* **Task to complete**: Only the lines from the one containing "Flex in Canéjan" through the end of the data below are to be repeated, exactly as given, without pictures.

* **Data in this exercise**:
☆ ☆ ☆ ☆ ☆ ☆ ☆

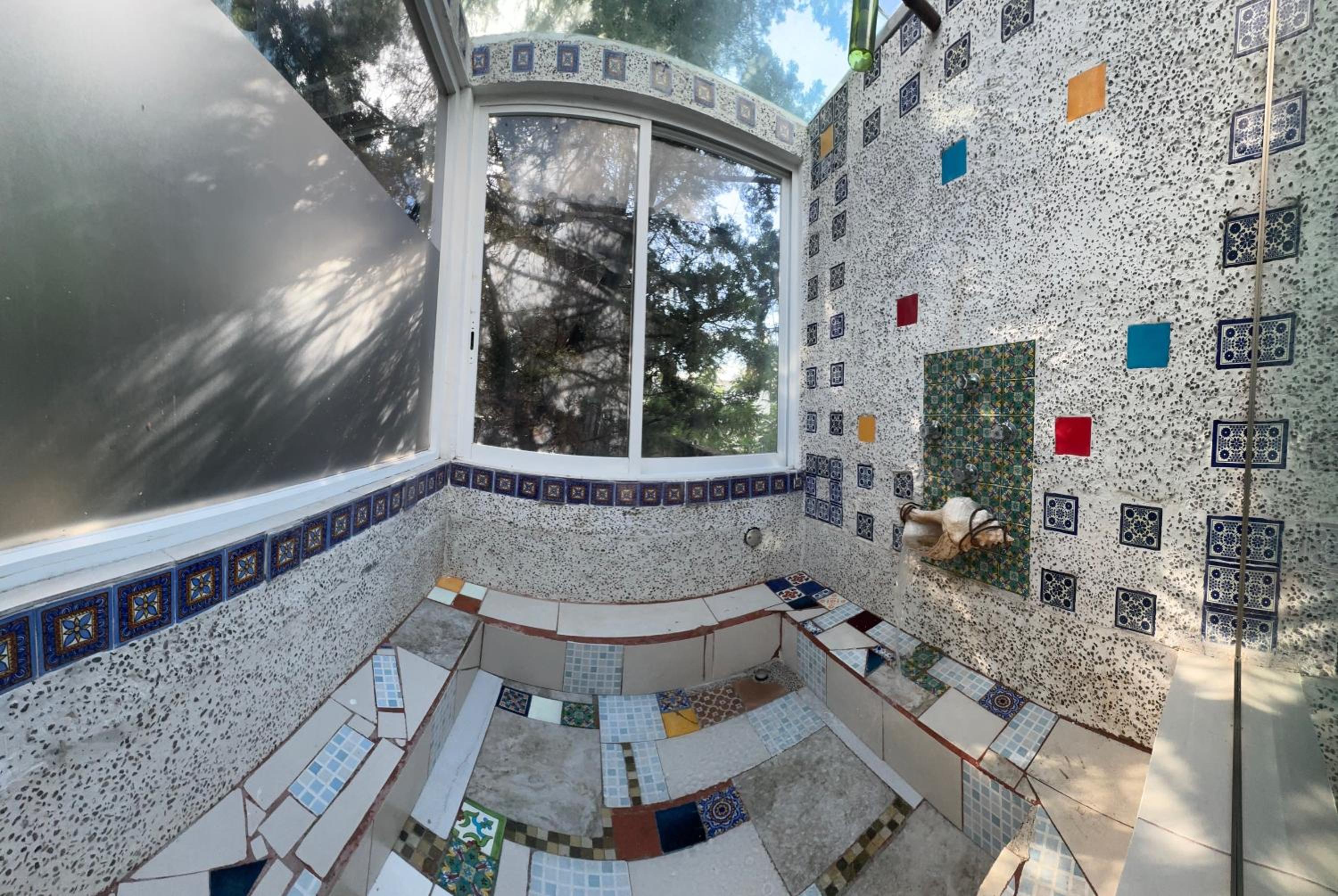 Deluxe Bungalow with Garden View - Photo 4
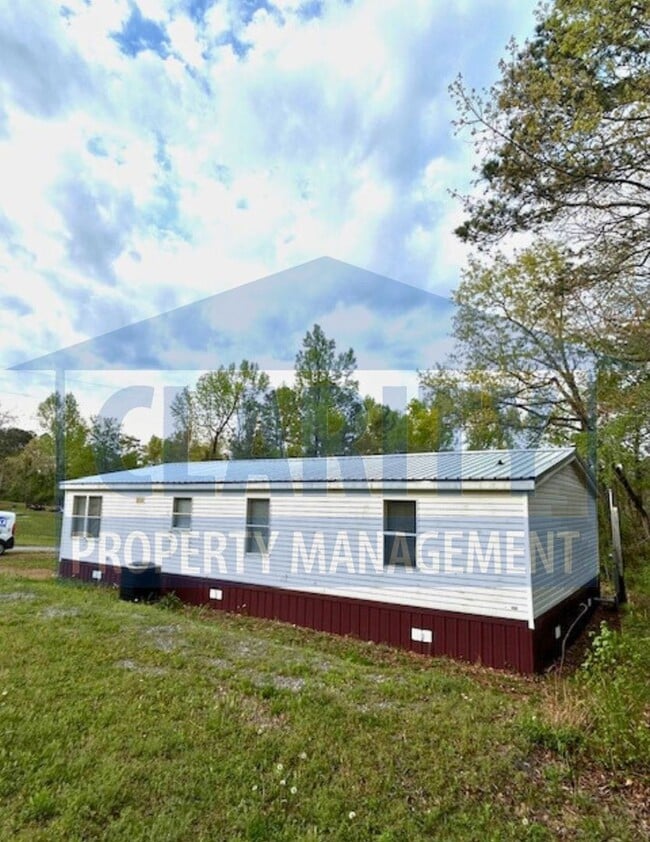 Building Photo - Three bedroom, single level home!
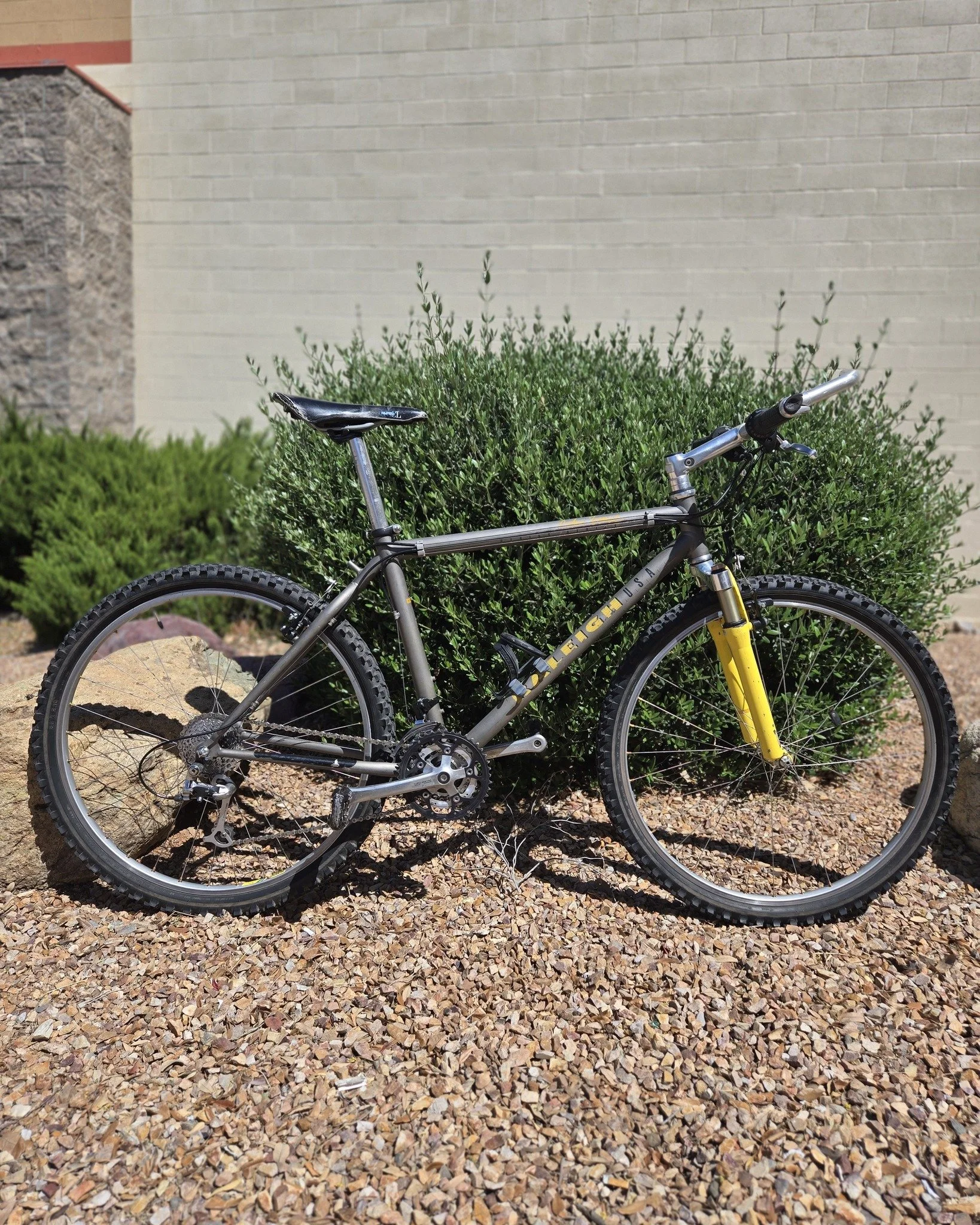 Had the opportunity to work on something unique recently. A 26" 1997 Titanium Raleigh John Tomac signature series mountain bike. Check it out!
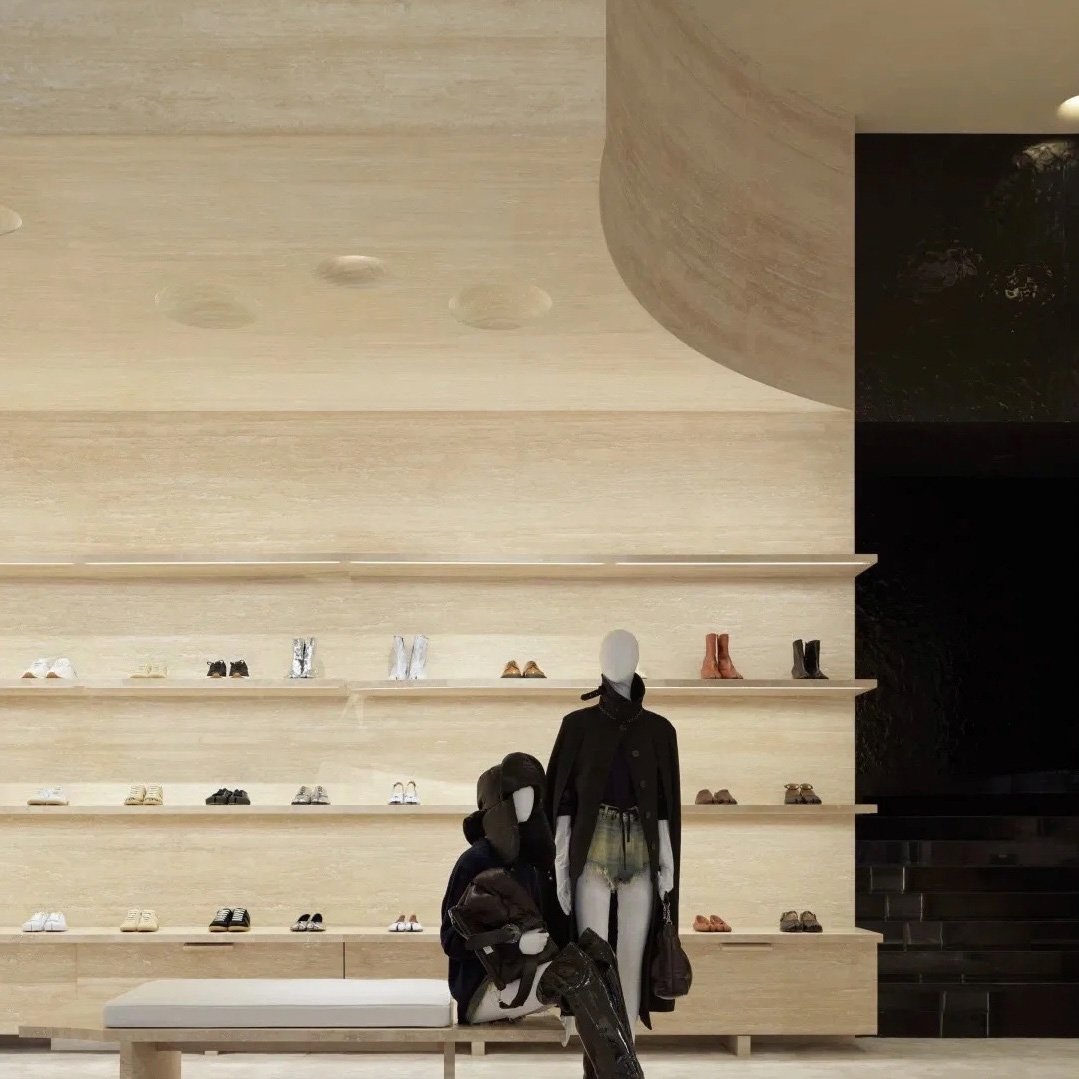 上海にあるメゾン マルジェラ旗艦店の内部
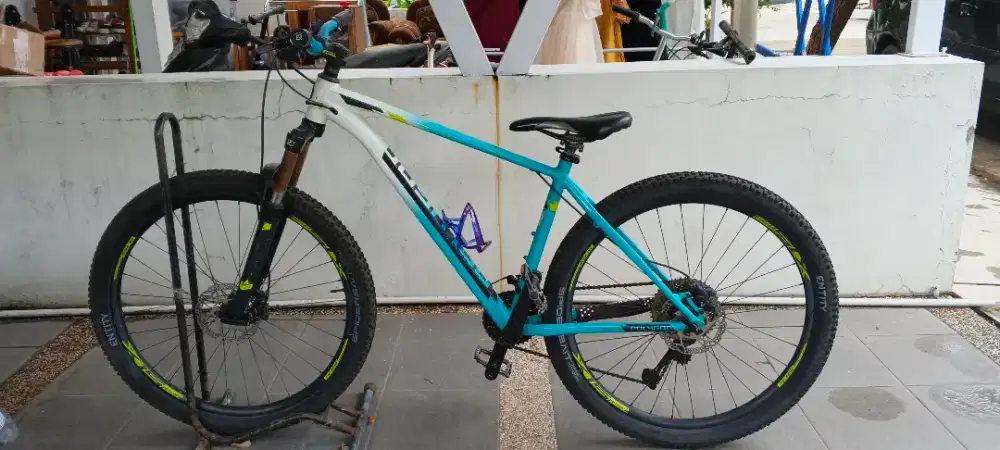 Sepeda MTB Polygon Xtrada 5 White Tosca 2020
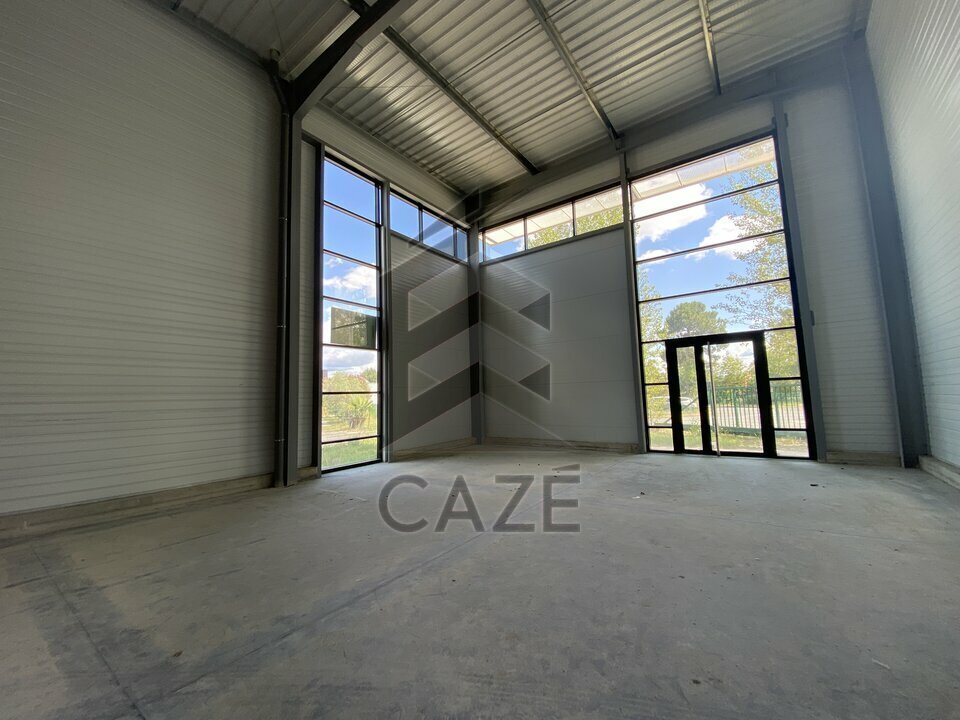 Flex in Canéjan for lease Interior Photo- Image 1 of 9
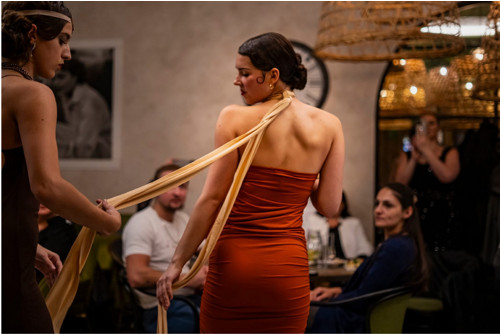 Šaty extravagantní — foto 6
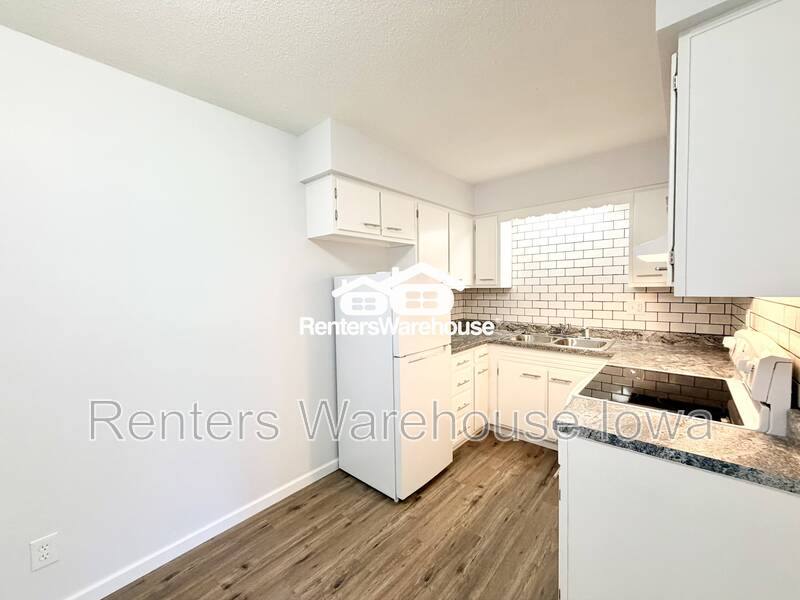 Apartment for rent at 211 S Green St, Madrid, IA 50156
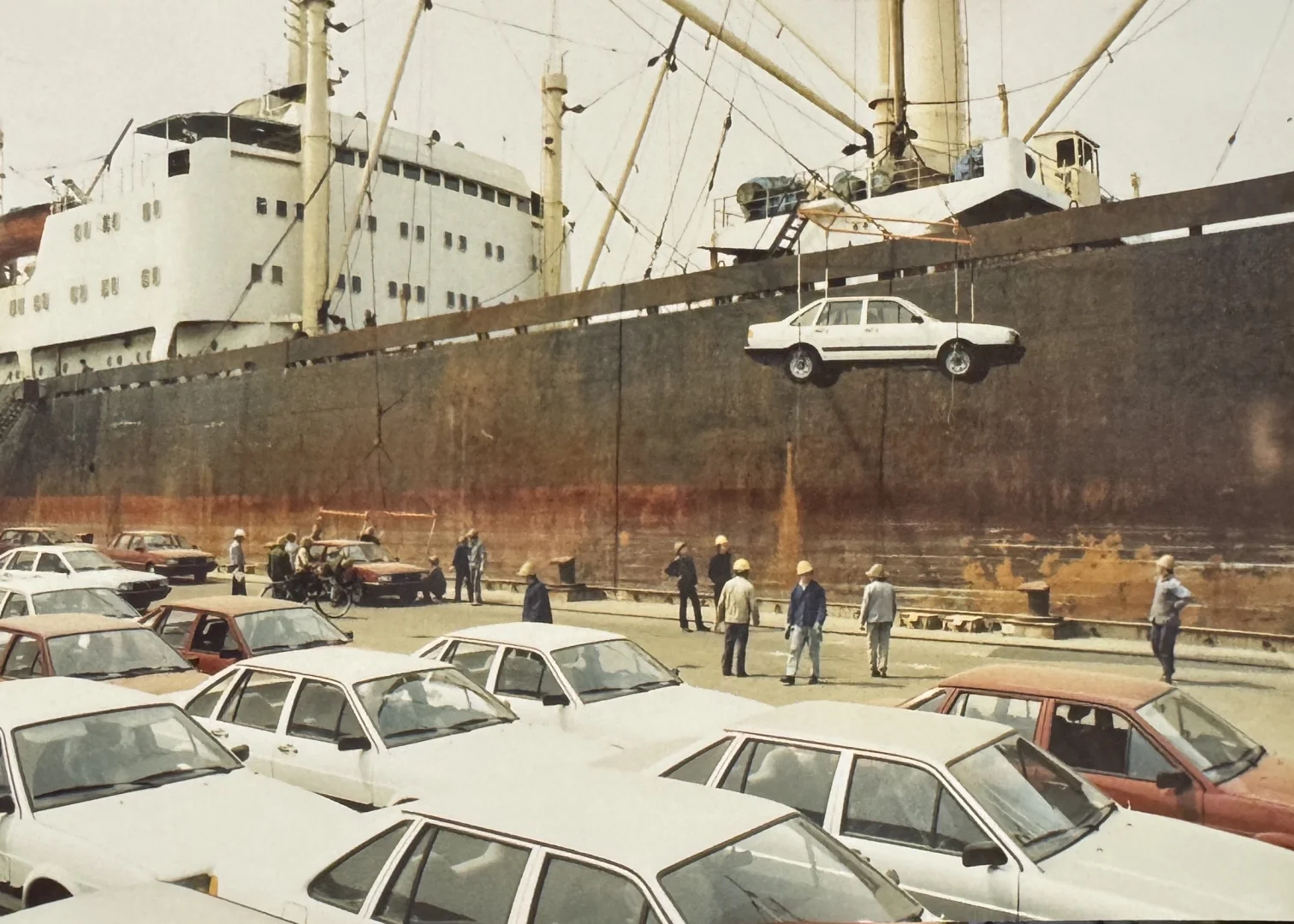 1992年的汽车是通过这种方式运输出海的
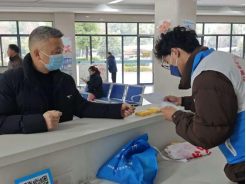 暖心导诊递温情，防治宣传筑屏障(图2)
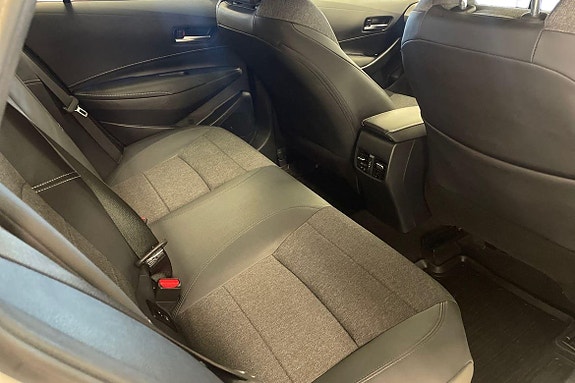 Toyota Corolla 9 of 19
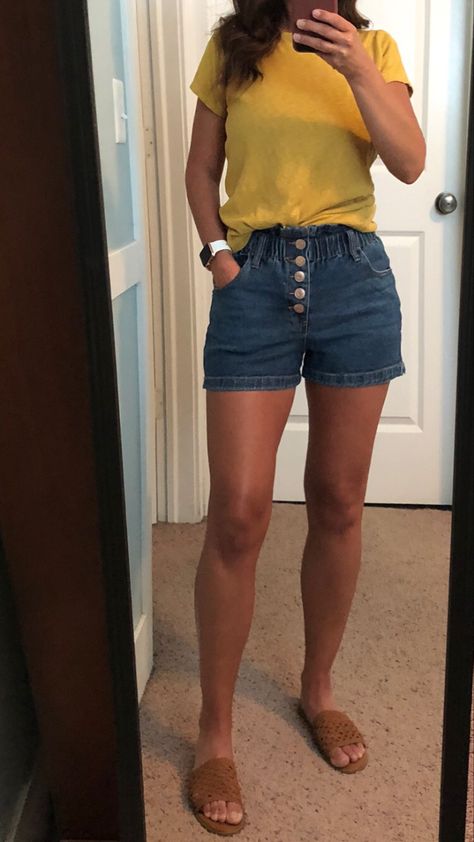 Yellow top, denim button-fly paper bag shorts, camel slide sandals •mustard tee •high-waisted shorts •summer outfit Shorts Summer Outfit, Outfit Yellow, Fly Paper, Paper Bag Shorts, Summer Shorts Outfits, Yellow Outfit, Closet Inspiration, Yellow Shirts, Shorts Summer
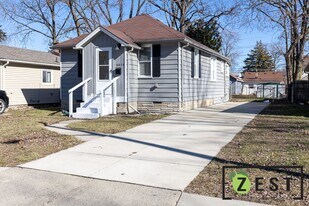 27074 Brettonwoods St in Madison Heights, MI - Building Photo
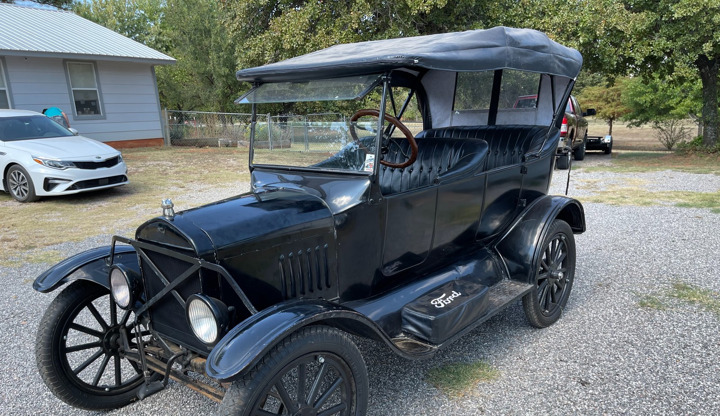 1924 ford model t touring primary photo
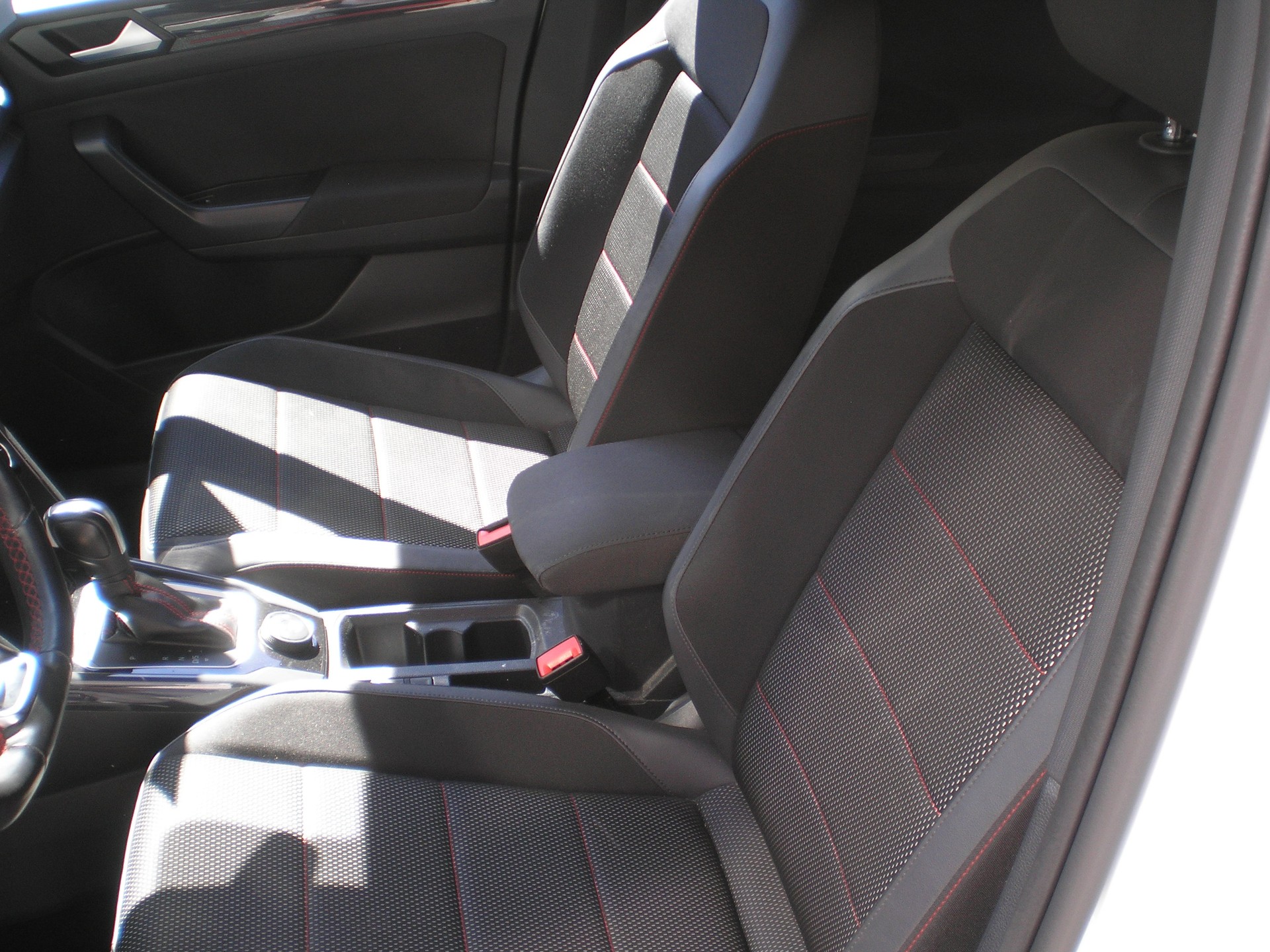 VW T-Roc 2.0 TSI Sport DSG 4Motion-image-3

☆ ☆ ☆ ☆ ☆ ☆ ☆

* **Result**:
 Flex in Canéjan for lease Interior Photo- Image 1 of 9
 Šaty extravagantní — foto 6
 Apartment for rent at 211 S Green St, Madrid, IA 50156
 1992年的汽车是通过这种方式运输出海的
 暖心导诊递温情，防治宣传筑屏障(图2)
 Toyota Corolla 9 of 19
 Yellow top, denim button-fly paper bag shorts, camel slide sandals •mustard tee •high-waisted shorts •summer outfit Shorts Summer Outfit, Outfit Yellow, Fly Paper, Paper Bag Shorts, Summer Shorts Outfits, Yellow Outfit, Closet Inspiration, Yellow Shirts, Shorts Summer
 27074 Brettonwoods St in Madison Heights, MI - Building Photo
 1924 ford model t touring primary photo
 VW T-Roc 2.0 TSI Sport DSG 4Motion-image-3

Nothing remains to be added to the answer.